What you see: Little tiny bugs in your kale.
What it is: Aphids!
Eat or toss: Eat. Just rinse the kale and eat as normal.
A bunch of kale, fresh from the fridge, with bugs on it?!?
Even if you aren’t a gardener, you may occasionally have to deal with bugs hanging out on some of your fresh produce. Like these aphids, who apparently set up shop in my kale. While it’s not fun to find six-legged critters crashing in your veggie drawer, this doesn’t mean the kale isn’t still good for eating. Just make sure the kale otherwise looks good, trim off any damaged areas and prep as usual (and maybe cook if you’re worried; in my research I didn’t find anything linking aphids to the spread any human pathogens, but cooking will kill any pathogens that might be present, regardless of how they got there).

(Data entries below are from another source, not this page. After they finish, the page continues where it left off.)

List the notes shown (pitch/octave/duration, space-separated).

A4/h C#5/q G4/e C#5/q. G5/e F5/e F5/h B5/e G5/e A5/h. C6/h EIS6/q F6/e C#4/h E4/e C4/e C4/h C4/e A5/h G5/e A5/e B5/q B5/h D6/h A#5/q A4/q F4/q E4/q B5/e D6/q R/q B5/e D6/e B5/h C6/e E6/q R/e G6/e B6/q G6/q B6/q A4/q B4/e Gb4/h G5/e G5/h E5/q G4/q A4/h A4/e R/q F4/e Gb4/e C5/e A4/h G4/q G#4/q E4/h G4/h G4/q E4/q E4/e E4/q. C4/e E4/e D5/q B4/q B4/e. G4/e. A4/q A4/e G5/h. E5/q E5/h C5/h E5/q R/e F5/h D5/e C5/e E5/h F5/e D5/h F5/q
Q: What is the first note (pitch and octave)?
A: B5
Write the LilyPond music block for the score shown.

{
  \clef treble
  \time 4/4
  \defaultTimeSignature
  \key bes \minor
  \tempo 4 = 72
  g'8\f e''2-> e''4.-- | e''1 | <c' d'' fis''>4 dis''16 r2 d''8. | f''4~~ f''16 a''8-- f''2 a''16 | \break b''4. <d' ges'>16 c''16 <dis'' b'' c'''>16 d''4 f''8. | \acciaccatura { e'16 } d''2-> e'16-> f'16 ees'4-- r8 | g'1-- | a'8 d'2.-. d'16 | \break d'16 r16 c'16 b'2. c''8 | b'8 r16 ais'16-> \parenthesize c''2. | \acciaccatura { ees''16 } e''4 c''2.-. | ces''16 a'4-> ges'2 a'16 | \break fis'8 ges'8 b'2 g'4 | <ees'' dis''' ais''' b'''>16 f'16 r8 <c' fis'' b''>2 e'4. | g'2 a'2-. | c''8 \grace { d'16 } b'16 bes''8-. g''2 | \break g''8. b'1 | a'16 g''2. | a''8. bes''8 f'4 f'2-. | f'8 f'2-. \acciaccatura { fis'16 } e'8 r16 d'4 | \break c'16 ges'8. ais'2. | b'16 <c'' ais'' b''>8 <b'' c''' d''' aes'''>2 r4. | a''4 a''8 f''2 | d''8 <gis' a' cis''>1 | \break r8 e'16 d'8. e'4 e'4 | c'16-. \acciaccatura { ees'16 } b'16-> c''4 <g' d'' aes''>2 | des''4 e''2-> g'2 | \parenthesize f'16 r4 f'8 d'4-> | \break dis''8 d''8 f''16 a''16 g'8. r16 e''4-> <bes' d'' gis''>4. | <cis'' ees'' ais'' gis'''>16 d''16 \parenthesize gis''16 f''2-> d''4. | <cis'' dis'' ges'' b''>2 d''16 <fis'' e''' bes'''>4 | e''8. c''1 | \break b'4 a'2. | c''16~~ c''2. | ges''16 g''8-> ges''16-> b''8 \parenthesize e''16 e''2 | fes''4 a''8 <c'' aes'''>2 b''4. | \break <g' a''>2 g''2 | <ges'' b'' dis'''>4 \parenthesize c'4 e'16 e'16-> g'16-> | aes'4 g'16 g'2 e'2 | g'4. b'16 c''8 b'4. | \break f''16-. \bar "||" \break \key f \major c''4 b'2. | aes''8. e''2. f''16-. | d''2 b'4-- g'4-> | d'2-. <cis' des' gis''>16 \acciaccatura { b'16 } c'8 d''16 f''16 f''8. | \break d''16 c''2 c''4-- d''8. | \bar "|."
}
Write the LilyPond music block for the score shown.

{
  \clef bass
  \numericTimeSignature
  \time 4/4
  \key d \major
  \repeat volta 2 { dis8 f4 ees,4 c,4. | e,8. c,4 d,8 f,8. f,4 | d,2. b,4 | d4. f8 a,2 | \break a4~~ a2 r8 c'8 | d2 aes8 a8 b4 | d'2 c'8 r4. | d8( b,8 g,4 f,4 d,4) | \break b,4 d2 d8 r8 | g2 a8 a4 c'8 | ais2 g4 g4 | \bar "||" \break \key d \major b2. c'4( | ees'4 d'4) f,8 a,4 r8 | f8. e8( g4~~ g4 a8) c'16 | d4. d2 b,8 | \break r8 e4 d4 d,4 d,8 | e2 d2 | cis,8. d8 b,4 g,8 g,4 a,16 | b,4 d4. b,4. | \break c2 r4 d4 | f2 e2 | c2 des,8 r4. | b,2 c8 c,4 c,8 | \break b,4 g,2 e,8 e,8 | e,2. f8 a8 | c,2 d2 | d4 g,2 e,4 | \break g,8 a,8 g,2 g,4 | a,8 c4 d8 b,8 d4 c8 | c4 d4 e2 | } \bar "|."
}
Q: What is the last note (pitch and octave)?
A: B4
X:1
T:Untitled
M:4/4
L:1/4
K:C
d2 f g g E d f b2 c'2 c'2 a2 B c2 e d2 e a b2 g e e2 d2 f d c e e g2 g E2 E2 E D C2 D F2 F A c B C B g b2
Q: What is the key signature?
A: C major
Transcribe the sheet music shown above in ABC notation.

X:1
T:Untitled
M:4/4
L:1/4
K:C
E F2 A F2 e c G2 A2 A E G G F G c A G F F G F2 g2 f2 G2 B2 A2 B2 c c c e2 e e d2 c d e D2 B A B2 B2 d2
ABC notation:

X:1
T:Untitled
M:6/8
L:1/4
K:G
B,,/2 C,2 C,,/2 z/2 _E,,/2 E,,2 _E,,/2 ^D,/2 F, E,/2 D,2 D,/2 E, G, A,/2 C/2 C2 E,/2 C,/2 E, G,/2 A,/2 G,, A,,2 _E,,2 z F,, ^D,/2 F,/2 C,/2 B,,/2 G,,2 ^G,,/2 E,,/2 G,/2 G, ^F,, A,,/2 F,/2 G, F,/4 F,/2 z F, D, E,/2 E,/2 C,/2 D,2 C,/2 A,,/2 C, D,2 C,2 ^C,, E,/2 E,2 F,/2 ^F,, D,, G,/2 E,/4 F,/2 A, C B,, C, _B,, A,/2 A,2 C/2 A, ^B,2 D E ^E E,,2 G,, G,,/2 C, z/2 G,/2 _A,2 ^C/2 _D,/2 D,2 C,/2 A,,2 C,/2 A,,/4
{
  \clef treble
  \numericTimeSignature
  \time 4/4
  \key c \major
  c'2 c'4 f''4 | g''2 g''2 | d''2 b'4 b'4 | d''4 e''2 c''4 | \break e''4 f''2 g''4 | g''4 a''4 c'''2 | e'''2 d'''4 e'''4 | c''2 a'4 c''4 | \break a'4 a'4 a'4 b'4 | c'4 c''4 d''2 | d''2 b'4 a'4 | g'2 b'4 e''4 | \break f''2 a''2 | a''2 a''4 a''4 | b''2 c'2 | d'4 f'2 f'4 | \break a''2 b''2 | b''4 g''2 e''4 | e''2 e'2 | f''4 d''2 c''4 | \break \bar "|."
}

Peach aphids, plant lice and kale
Aphids are tiny and annoying, and, I’d argue, really earned their nickname: “plant lice.” Brian A. Nault, professor and program leader in the entomology department at Cornell University, said the ones in these images look like peach aphids, which feed on, yes, peaches, but also brassica vegetables like kale.
Aphids suck sap from plants, like kale leaves, and eventually their feeding can cause yellowing. Still, you need an huge number of them to do obvious damage.
“The plants would need to be heavily infested,” Nault, wrote to me in an email. “In other words, you would notice them very easily and many would fall off the leaf onto kitchen counters as well.”
Aphids can survive in the fridge
But if your kale is, say, only lightly infested, like the kale in these images (aka my kale), you might not see the aphids if you aren’t looking for them. I mistook them for bits of plant debris as I rinsed this kale. I actually didn’t see many of the aphids in these images until I looked at my photos later—these photos are zoomed in and it was only under that magnification that I noticed some of the little bugs in the folds of the kale.
Aphids can survive chilly temperatures, so they’ll keep doing their thing in the fridge. Nault explained that they’ll move more slowly in the fridge and would be unlikely to reproduce, but they could survive for at least a week. Speaking of aphid reproduction, here’s a fascinating set of aphid facts, courtesy of Nault: aphids are parthenogenic, meaning they do not need to mate to produce viable offspring. They also give live birth.
A green aphid near the central stem of a kale leaf.
Can you spot the mummy?
While we’re on the topic of insect reproduction, set your breakfast aside for one more, erm, haunting detail. While aphids don’t lay eggs, parasitic wasps do. In fact, some parasitic wasps lay their eggs inside aphids! When the larvae emerge, they eat the aphid from the inside, changing the aphid into a hardened shell, aka, a mummy. The larvae then pupates inside the aphid and emerges as a wasp. I found such a mummy among the aphids on this bunch of kale. I worried that a wasp could have been buzzing around in my fridge, but Nault assured me that it probably was long gone before the kale arrived in my home; the wasp would have been unlikely to emerge amid the chill of my fridge. Anyway, wow!

SOURCES:
- Brian A. Nault, PhD. Professor & Program Leader. Department of Entomology. Cornell AgriTech. College of Agriculture and Life Sciences. Cornell University. Email correspondence.
- How to Control Aphids in Vegetable Crops. Charlotte Glen (last updated by Melissa Massing). North Carolina State University Cooperative Extension.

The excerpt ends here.